Ağırlaşan hayat şartlarının onun yaşamını kısalttığını düşünüyorum. Rana Cabbar’ın ölüm haberini aldığımda, kendimi sorumlu hissederek, nasıl bir uğurlama yapmamız gerektiğini düşünüyordum. Kısa bir soruşturma sonrasında Rana’nın Katolik Ermeni olduğunu ve kilisenin cenaze törenini hazırladığını öğrenince şaşırdım. Onca uzun yıllara dayalı arkadaşlığımıza rağmen onun Ermeni olduğunu bilmiyordum.

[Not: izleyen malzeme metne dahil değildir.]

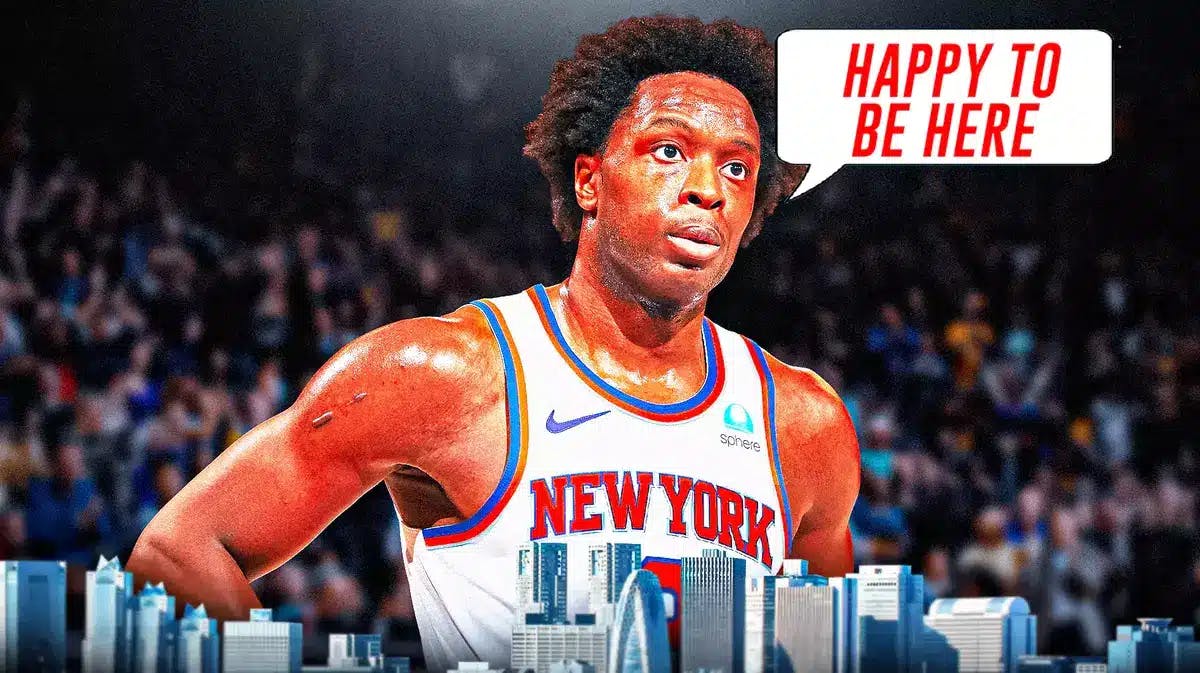 OG Anunoby in a Knicks uniform saying “happy to be here”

Ortak arkadaşımız aktör Halil Ergün de benzer şekilde, “Şaşırdım, üzüldüm, acaba kimliğinin görülmesini mi istememişti? Ben mi farkında değildim? O yüzden iki kat üzüldüm” dedi. Rana’nın sessizliği bu ülkede azınlık olmanın ne anlama geldiğini kavramamıza yardımcı olabilir. Sadece sayısal olarak azınlıkta olan Ermeniler değil bu ülke nüfusunun azınlık denilemeyecek genişlikte bir dilimini oluşturan Aleviler ve Kürtler de bir zamanlar görünmezdi.
Alevi Aleviliğini, Kürt Kürtlüğünü göstermek istemezdi. Zaten göstermeye kalksa başına işler gelebilirdi. Gerçi şu an da bütün bunlar tamamen değişmiş değil ama bir miktar değişim var. Bizim kuşak Kürt kelimesinin kullanılmasının yasak olduğu bir dönemi gördü. Eski Ceza Kanunu’nda 159. madde vardı. Hemen onu işletirlerdi. 1 ile 6 yıl arasında cezası vardı Kürt kelimesinin.

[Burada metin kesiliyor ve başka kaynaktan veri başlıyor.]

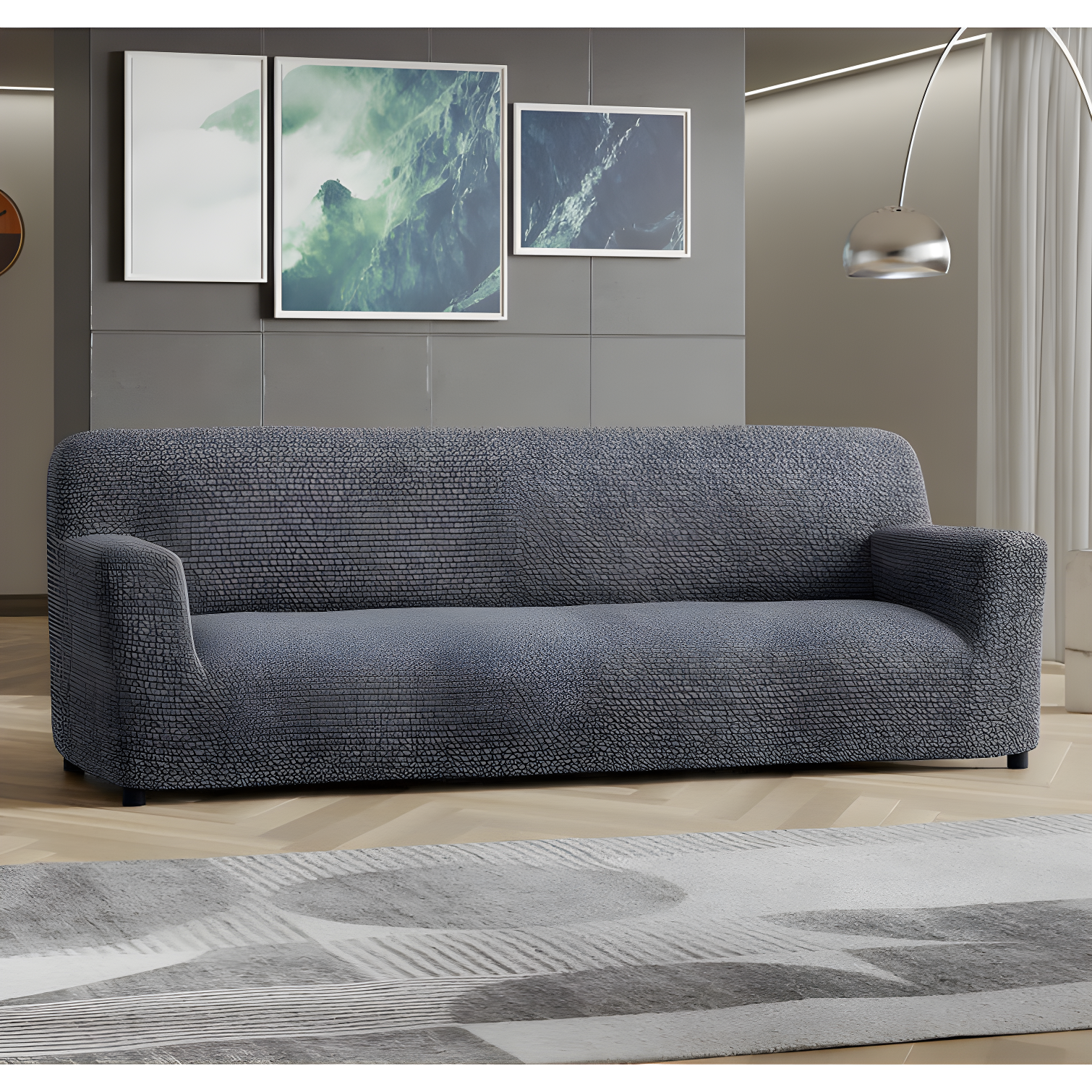 Modern Italian Stretch Sofa Slipcover in Dark Grey Polyester Blend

12 Mart 1971 askeri müdahalesinin ardından yargılanırken yaptığımız savunmalarda “Kürt” diye başladığımızda savcı hemen not alır ve o gün suç duyurusunda bulunur, ertesi gün dava açılırdı. Eğer 1974 Affı çıkmasaydı, yüzlerce yıl sırf Kürt kelimesi nedeniyle hapislerde yatmamız gerekecekti. Adında Alevi olan dernek kurmak da yasaktı.

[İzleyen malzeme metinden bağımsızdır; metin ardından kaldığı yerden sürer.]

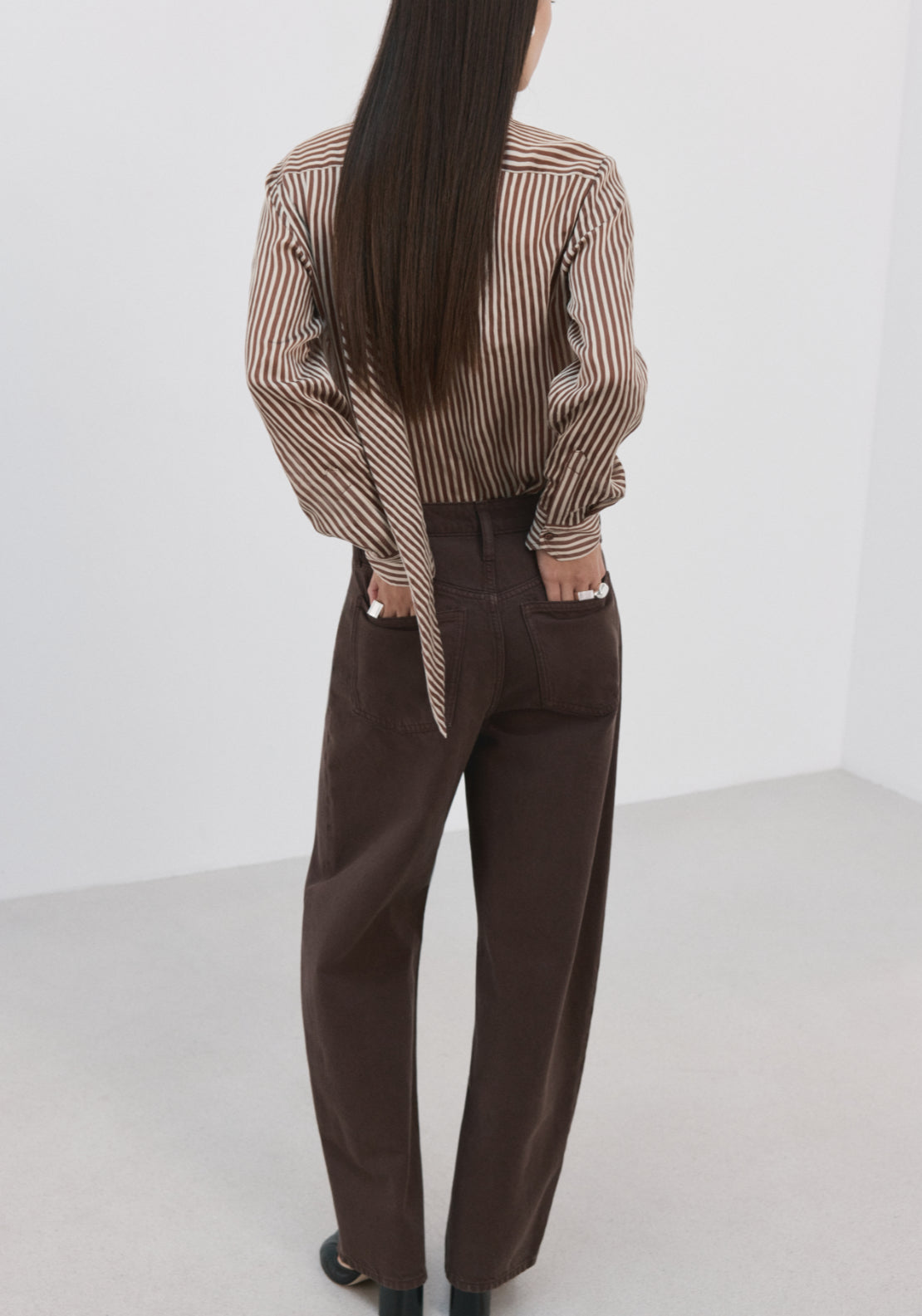 Mango Striped Blouse With Bow Tie Neck - Brown 2 Shaws Department Stores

İlk Alevi isimli örgüt, 2000 yılında Alevi-Bektaşi Federasyonu kurulduğunda Ankara Valiliğinin itirazıyla karşılaştı. Alevi kelimesini kullanmak “bölücülüktür” diye ismin silinmesini istedi. Yargıtay, valiliğin bu başvurusunu reddedince, Alevi kelimesi, 2002 yılında özgürlüğüne kavuştu. 1925 yılında tekke ve zaviyelerin kapatılmasıyla Alevi dergahları yasaklanmış, Alevilere yasal ve meşru ibadet edecekleri bir mekan bırakılmamıştı.
Alevi cemleri bu dönemde gizlice yapıldı. Bu yüzden sürekli baskılara maruz kaldılar. Halen cemevleri yasal bir statüye kavuşmadı. Alevilerin ibadet ettiği bu mekanları devlet ibadethane olarak kabul etmiyor. “Sünni öğretisinde Alevilik olmadığına göre, cemevi de ibadet yeri olamaz” anlayışı hakim.
Kemal Kılıçdaroğlu’nun “Ben Aleviyim, Hak Muhammed Ali öğretisiyle yetişmiş samimi bir Müslümanım” demesi bir tarihsel çıkış sayılabilir. Bir Cumhurbaşkanı adayının, Cumhuriyet kurucusu partinin genel başkanının kimliğini toplumla paylaşmasının uyandırdığı yankılar, “öteki” meselesinin hâlâ çözülemediğine işaret.
Velhasıl-ı kelam kimlik meselesini çözebildiğimiz oranda demokrasiyi de geliştireceğiz.